From the Oakland Museum of California comes “Picture This: California’s Perspectives on American History,” 140 primary source images from the museum’s collection for students and educators. The images are organized into six time periods: Early California 1769-1800s, The Progressive Era 1890-1920, Depression Era 1930s, World War II/Post War Era 1940-1950s, Vietnam/Civil Rights Era 1960-1970s, and Post-Vietnam Era 1980-present. The museum also offers eight activities to further the visual literacy skills of our students.
Possible classroom applications? This online exhibit could serve as an example for students to create their own image museum showing their state’s perspective on American History also. The Minnesota Historical Society encourages Minnesota educators to remember “Minnesota history is American History” and that is true for anyone in any state. It is understandable that it may be easier for students to make local connections than national so an exercise such as this one could help bring the big picture home. These images could also serve as writing prompts. Students could write newspaper headlines for what they see or they could research the event behind the photo and write a newspaper article. (A lesson plan for this type of activity can be found at the Library of Congress, I love this assignment for sophomores and juniors!)
Explore 97 Orchard Street, a tenement built in 1863 on Manhattan’s Lower East Side. This New York City Museum tells the stories of the immigrants who lived here. The Tenement Museum’s website gives excellent historical context for tenement living, click “Play” in the site’s menu to reveal a virtual tour, an immigration game showing the path from Ellis Island to 97 Orchard Street, work with folk songs, multi-cultural heritage, webcomics and more. Under “Education,” find lesson ideas, primary sources, and more.
The Tenement Museum provides a glimpse into the lives of those who journeyed to the United States and whose reality was so different than those of our students of today.

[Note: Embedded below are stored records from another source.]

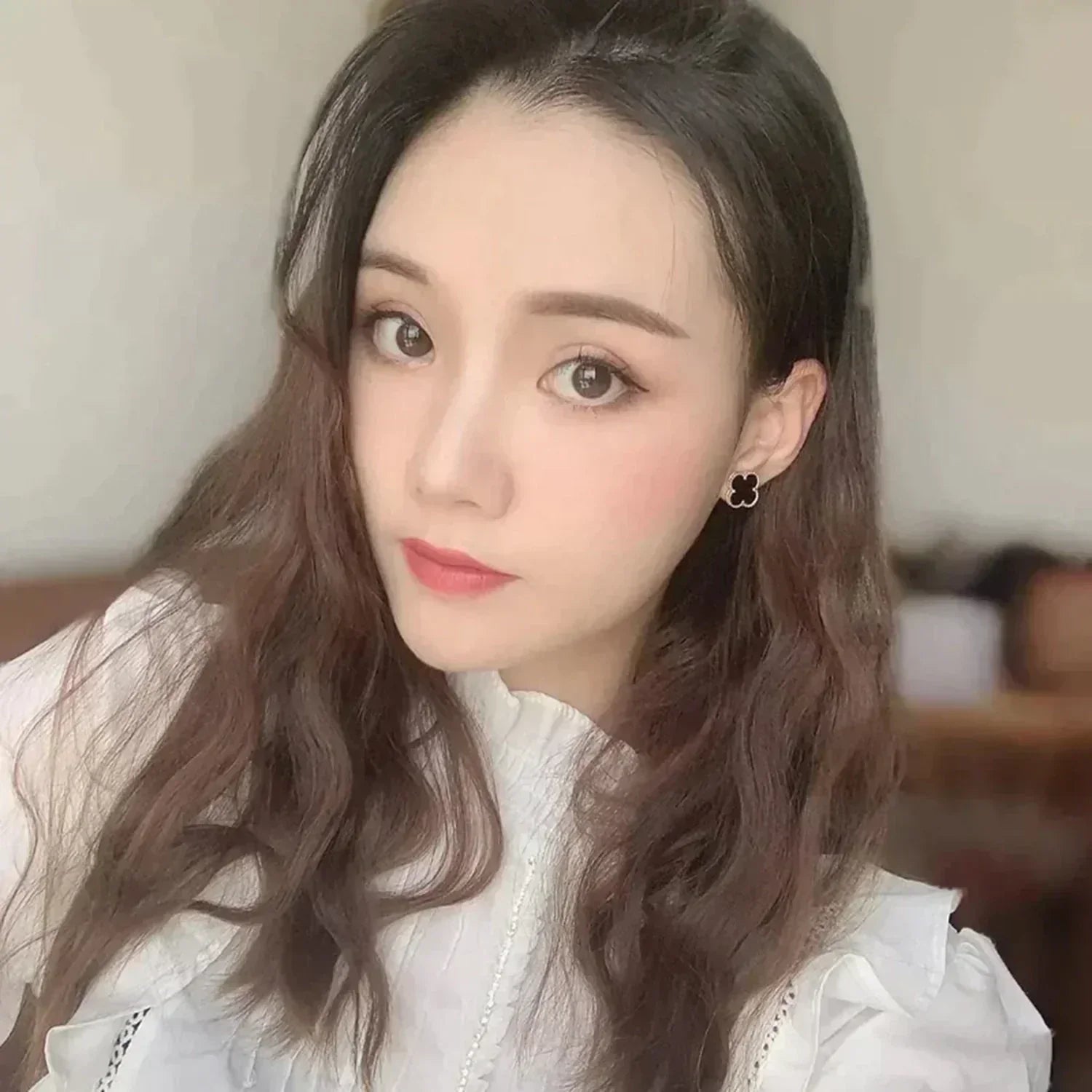 Imperial CLOVER MEDIUM 1 MOTIFS ONYX STUD EARRINGS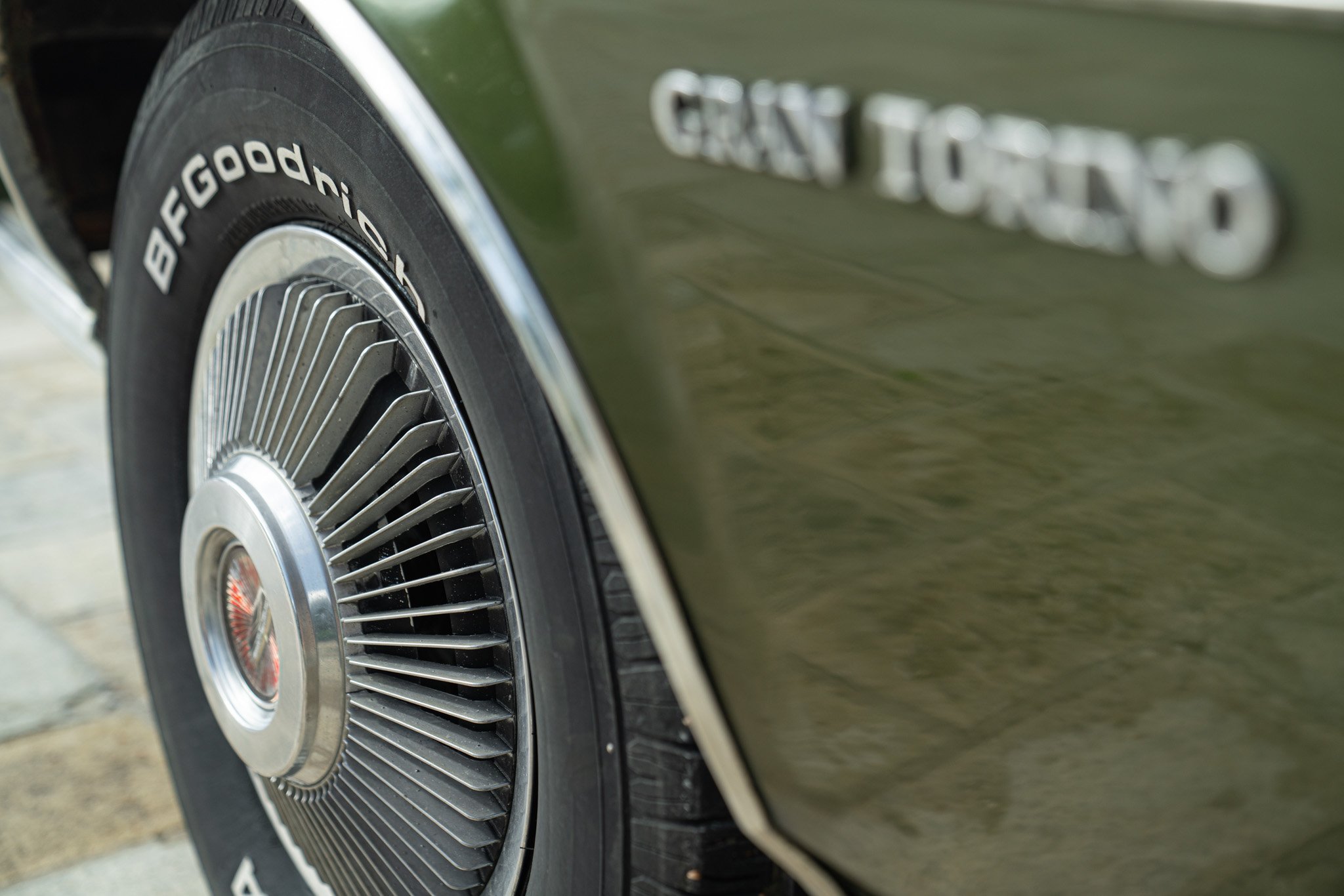 Ford GRAN TORINO 4 DOOR 5.7 V8 BROUGHAM 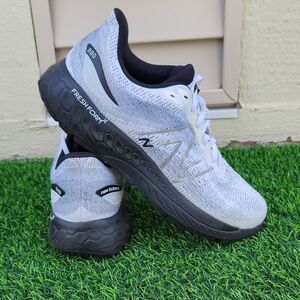 New Balance M880R12 V12 White and Black Mens Running Shoes Size 11.5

In April I will be traveling to Washington DC with 13 students who took Constitutional and Criminal Law last semester. They are so intrigued with the US Supreme Court, we are going there to sit in on oral arguments. While playing tour coordinator, I was poking around the National Museum of American History’s website. I love this museum. Beyond the content that supports current exhibits in Washington, there is a link for kids that has activities to do “at home” including make a (virtual) sod house, solving mysteries, and making light bulbs. Educators can obviously leverage all aspects of the website but are also able to search for resources by grade level, format (artifact, lesson plan, primary source) and time period to access the digitized resources of the museum. The website also hosts 67 online exhibits from the First Ladies and the Presidency to Julia Child’s Kitchen and communities in the late 1800’s, it is a given every subject and grade level can find something in the resources and virtual exhibits visits here.
It is easy to get lost in the British Museum’s online museum of Athens. From a “day in the life” to a tour of the city to a simulation -game focusing on roles and duties in Anient Greece, this virtual museum trip is a great one for World History, possibly literature, and art classes, or just for fun would be an option too.